Hersh does a tremendous service to America. He single-handedly destroys the myth that Nixon and Kissinger were dedicated to the swift end of the Vietnam war. To his credit, Hersh documents the formation of Nixon's secret "Madman" policy and how the President and Kissinger employed this risky strategy to prolong the war.
"The Price of Power: Kissinger in the Nixon White House," is also a serious study of how certain key cabinet members that opposed the manipulation of foreign policy were quickly isolated and discredited. Hersch interviews key individuals that Kissinger personally recruited to work at the NSC to show how significant contributions to foreign policy was wrestled from the State Department and firmly established in the White House. The early consolidation of power by Nixon and Kissinger set the pattern for a long string of dark policy.
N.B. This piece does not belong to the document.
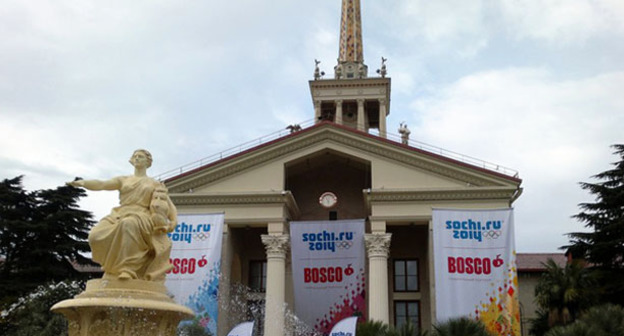 Старое здание Морского вокзала в дни Олимпиады. Сочи, 19 февраля 2014 г. Фото Григория Шведова для "Кавказского узла"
The secret bombing of Cambodia, the crisis in Korea, the SALT talks, the Mideast, Cuba, China, the Berlin settlement are all explored in this text. However, the most damaging information to the reputation of Henry Kissinger is how his secret information to the Nixon campaign during the Johnson administrations peace talks in Paris compromised any chance of reaching an early conclusion to the war. Hersh meticulously researches how Kissinger manipulates his contacts in Paris to circumvent the practice of conflict resolution by Lyndon Johnson.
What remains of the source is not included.